Posts Tagged ‘tree’

Programming Praxis – Lowest Common Ancestor

March 11, 2011

In today’s Programming Praxis exercise, our goal is to write an algorithm to find the lowest common ancestor of two nodes in a binary tree. Let’s get started, shall we?

First, we define a binary tree data structure.

data BinTree a = Node a (BinTree a) (BinTree a) | Nil

The algorithm is pretty trivial: if the higher value is less than the current node, descend the left branch. If the lower value is higher than the current node, descend the right branch. Otherwise, we’ve found our result.

lca :: Ord a => a -> a -> BinTree a -> a
lca m n ~(Node v l r) | n < v     = lca m n l
                      | m > v     = lca m n r
                      | otherwise = v

Some tests to see if everything is working properly:

main :: IO ()
main = do let tip n = Node n Nil Nil
          let tree = Node 8 (Node 3 (tip 1) (Node 6 (tip 4) (tip 7)))
                            (Node 10 Nil (Node 14 (tip 13) Nil))
          print $ lca 4  7 tree == 6
          print $ lca 4 10 tree == 8
          print $ lca 1  4 tree == 3
          print $ lca 1  3 tree == 3
          print $ lca 3  6 tree == 3

Yup. Simple enough.

Programming Praxis – Carl Hewitt’s Same-Fringe Problem

August 3, 2010

In today’s Programming Praxis exercise we have to implement Carl Hewitt’s same-fringe algorithm, which determines if two binary trees have the same leaves in the same order, regardless if their respective structures. The simple solution of flattening both trees and comparing them doesn’t work in most languages, since their strict evaluation requires that the entire flattened list be loaded into memory, which will fail on big trees. Haskell on the other hand is lazy by default, so we don’t need to do anything complicated to have things work correctly. Let’s get started, shall we?

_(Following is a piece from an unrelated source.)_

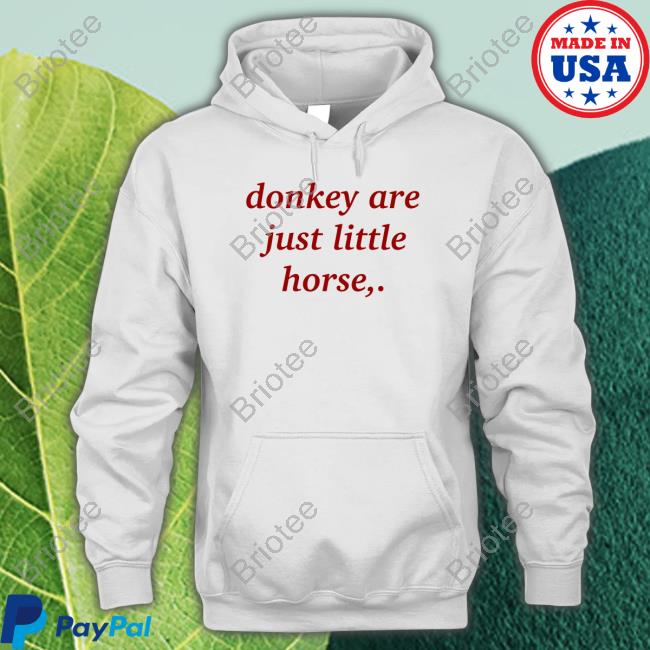 Shirts That Go Hard Donkey Are Just Little Horse Hoodie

Since we’ll be working with binary trees, we’ll need to define a data structure for them:

data Tree a = Node (Tree a) (Tree a) | Leaf a

Flattening a tree is trivial.

flatten :: Tree a -> [a]
flatten (Node l r) = flatten l ++ flatten r
flatten (Leaf x)   = [x]

As mentioned in the intro, all we need to do is check whether the two flattened lists are equal.

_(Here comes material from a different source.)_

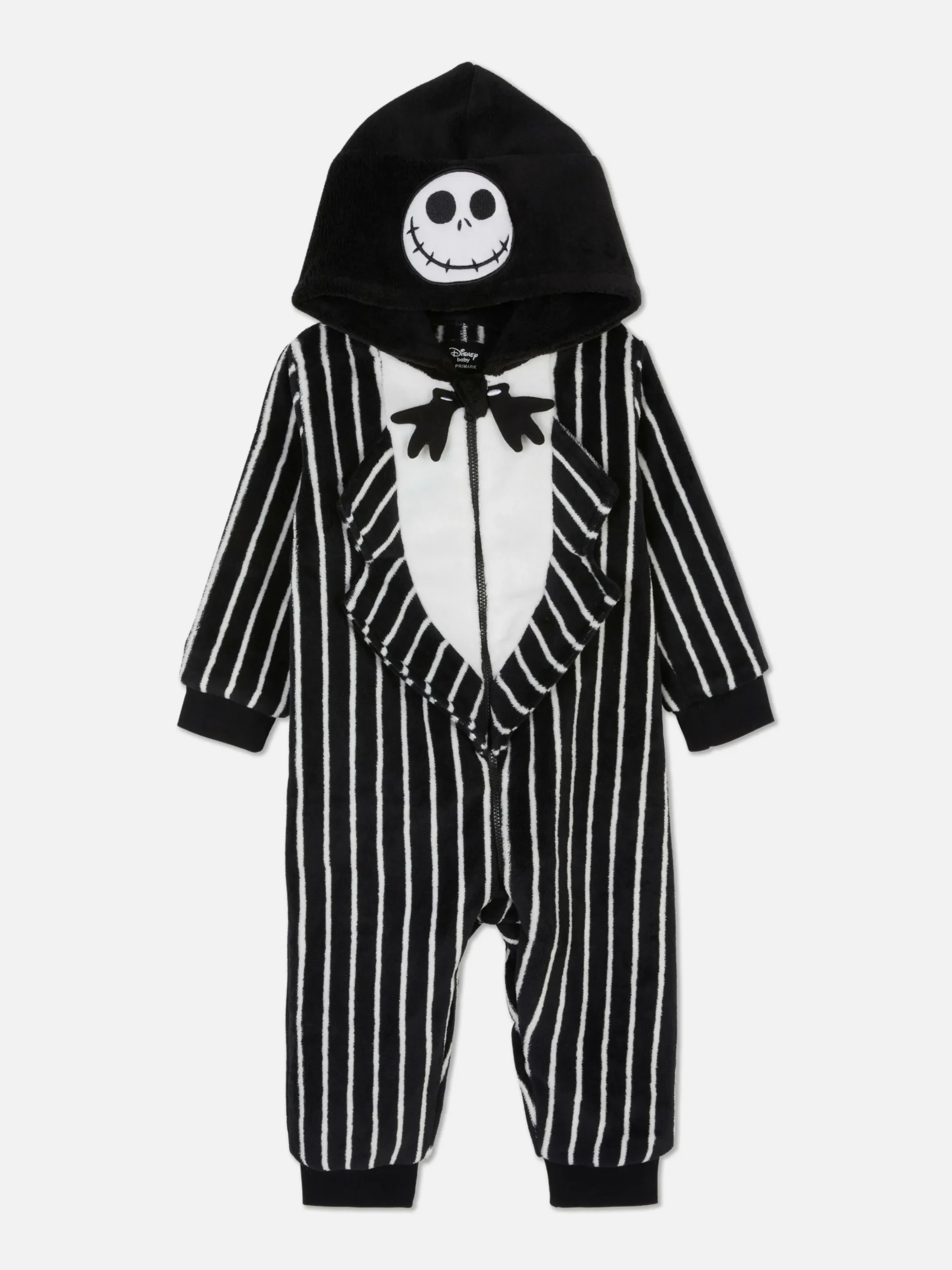 Pijama-macacão Disney Tim Burton O Estranho Mundo De Jack Bebé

sameFringe :: Eq a => Tree a -> Tree a -> Bool
sameFringe a b = flatten a == flatten b

As always, a test to see if things are working correctly:

main :: IO ()
main = print $ sameFringe (Node (Leaf 1) (Node (Leaf 2) (Leaf 3)))
                          (Node (Node (Leaf 1) (Leaf 2)) (Leaf 3))

Looks like they are. But how do we prove this method doesn’t require a big memory overhead? Well, let’s just create some big trees and find out. A binary tree of depth 28 has 2^28 = over 268 million leaves. At the very least, that would result in a list of 1 GB, and that’s assuming 32 bits per integer and no overhead. Since Haskell’s default lists are linked lists, you should probably at least double that. However, the following program

main = print $ sameFringe (treeOfDepth 28 (Leaf 1))
                          (treeOfDepth 28 (Leaf 1))
       where treeOfDepth n t = iterate (\x -> Node x x) t !! (n - 1)

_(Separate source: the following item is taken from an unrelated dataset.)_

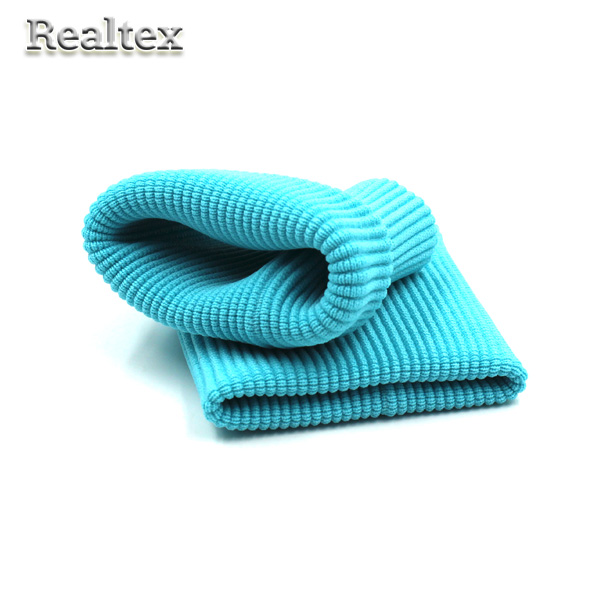 Манжет трикотажный АМ 8,5*7,5см 87%полиэфир+13%лайкра цв.лазурный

hums along at a constant memory use of less than 20 MB when interpreted and less than 3 MB when compiled, the compiled version finishing in just under 32 seconds. To quote Larry Kersten, “Hard work often pays off after time, but laziness always pays off now.” 🙂

Programming Praxis – Minimum Spanning Tree: Prim’s Algorithm

April 9, 2010

In today’s Programming Praxis exercise we have to implement an algorithm for finding the minimum spanning tree of a graph. The Scheme solution weighs in at 15 lines, so let’s see if we can do better.

As usual, some imports:

import Data.List
import qualified Data.List.Key as K

Both the Scheme solution and the pseudocode algorithm on Wikipedia take both a list of vertices and a list of edges as input, but since the list of vertices is implicitly defined in the edges there’s really no point in specifying it separately. To get the starting vertex, we just take the first vertex of the first edge. Other than that, we do pretty much what the pseudocode algorithm says: check if there’s an edge with one connected and one unconnected point. If multiple exist, add the shortest. Add the unconnected vertex to the list of connected ones. Stop if there are no more edges with unconnected vertices.

prim :: (Eq a, Ord b) => [(a, a, b)] -> [(a, a, b)]
prim es = f [(\(v,_,_) -> v) $ head es] [] where
    f vs t = if null r then t else f (union vs [x,y]) (m:t) where
        r = filter (\(a,b,_) -> elem a vs /= elem b vs) es
        m@(x,y,_) = K.minimum (\(_,_,c) -> c) r

A quick test shows we get the same result as the Scheme version:

main :: IO ()
main = print $ prim [('A', 'D',  5), ('A', 'B', 7), ('B', 'D', 9)
                    ,('B', 'C',  8), ('C', 'E', 5), ('B', 'E', 7)
                    ,('D', 'E', 15), ('D', 'F', 6), ('E', 'F', 8)
                    ,('F', 'G', 11), ('E', 'G', 9)]

And with that we’ve reduced a 15-line solution to four lines. Not bad.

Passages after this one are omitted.